Ce fut vers 11 heures qu’ayant perdu tout espoir d’une attaque des républicains pour nous aider, nous nous décidâmes à en finir. La Calle , énervé par l’attente, comme nous tous, nous dit à peu près ceci : “ Ils ne nous attaqueront que cette nuit. Ils espèrent pouvoir s’approcher assez près pour mettre le feu. C’est ce que je ferais si j’étais à leur place. Et nous, que faisons-nous ? Nous attendons qu’ils viennent nous chercher et nous fassent griller ? Moi, mort pour mort, je préfère mourir en tuant. On sort et même si on est tous tués, on aura la satisfaction d’en emmener quelques-uns avec nous. ”
Nous exposâmes aux copains notre décision. Tous acceptèrent de sortir. De toutes façons, nous étions faits comme des rats. Parmi les blessés, quelqu’un nous fit une proposition : ceux qui, ne pouvant ni courir ni marcher, sont donc obligés de rester peuvent, par les meurtrières du rez-de-chaussée, empêcher que toute la puissance des feux ne converge vers ceux qui sortent. Il nous suffisait de les aider à les mettre en position de tir. Les blessés graves, les mourants nous suppliaient de ne pas les laisser tomber vivants aux mains de l’ennemi. Trois ou quatre, qui avaient gardé leur arme, se suicidèrent. Les autres furent achevés au couteau par Cartagena.Moi, je regardais tout cela comme si je n’étais pas concerné. J’étais le spectateur indifférent d’une tragédie absurde qui se serait déroulée hors du temps... et où il y aurait eu un acteur qui me ressemblait comme un frère. Avec une ficelle que j’avais ramassée dans un coin, j’avais attaché un de mes pistolets à mon cou en me faisant un collier qui descendait jusqu’au fourreau. L’autre était retenu par une boucle passée à mon poignet.

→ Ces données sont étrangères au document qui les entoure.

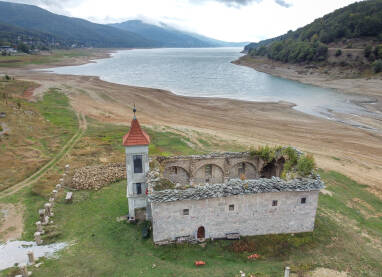 Ruševine stare crkve. Mavrovo, Sj. Makedonija. Crkva Svetog Nikole, izgrađena 1850. godine. Crkva je potopljena 1953. godine prilikom izgradnje Mavrovskog jezera, ali je vidliva tokom ljeta i suša.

Ainsi paré, ils ne risquaient pas, pendant que je courais en lançant des grenades, de tomber. Tout était prêt. Cartagena en espagnol, moi en italien, Georges en français expliquâmes notre plan. Nous devions nous diviser en deux groupes : un de chaque côté de la porte. Nous l’ouvrons et nous nous élançons vers la Sierra en faisant feu de toutes nos armes, chaque groupe de son côté, pendant que ceux qui restaient nous appuyaient avec les F.M. Nous sommes virtuellement, si nous restons là, tous morts. Si nous nous rendons, dans la meilleure des hypothèses, nous serons fusillés. Donc, notre intérêt est de nous faire tuer les armes à la main. L’exemple est sous nos yeux : les corps de Mimosa et d’Augusta prouvaient que rien ni personne ne trouverait grâce auprès d’eux.

Notre petit speech terminé, tout le monde se plaça devant la porte : Cartagena et Georges d’un côté, La Calle de l’autre en tête. Moi, je devais prendre ma place près de José, mais au dernier moment, pendant quelques secondes, il me fut impossible de bouger. La peur ? Peut-être. Ce que je sais, c’est que, subitement, le souvenir de ma mère, décédée depuis huit ans environ, surgit du tréfonds de ma mémoire et que pendant ce court laps de temps, j’ai cru la voir devant moi. Puis, tout s’effaça et je pris ma place au milieu de ces hommes qui allaient mourir, et qui le savaient.
Vamos !... On y va !... Andiamo !... ¡ Adelante !... En avant !... Avanti !... Vive la liberté !
Les cris avaient jailli de nos poitrines au même moment que la porte, repoussée avec violence, s’ouvrait sur la plaine inondée de soleil.